- **Stored data**
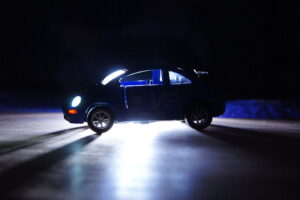 800px-Toy_car_1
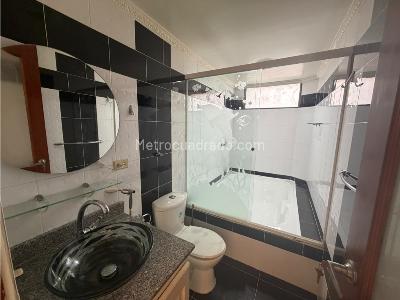 Casa en venta en Los Naranjos, Itagüí · foto 19 de 20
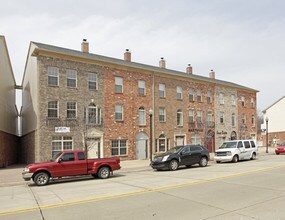 14064-14110 N Lakeside Blvd N in Shelby Township, MI - Building Photo - Building Photo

- **Task requirements**
The job is to return the listing above exactly, minus its pictures.

- **Response for this exercise**
 800px-Toy_car_1
 Casa en venta en Los Naranjos, Itagüí · foto 19 de 20
 14064-14110 N Lakeside Blvd N in Shelby Township, MI - Building Photo - Building Photo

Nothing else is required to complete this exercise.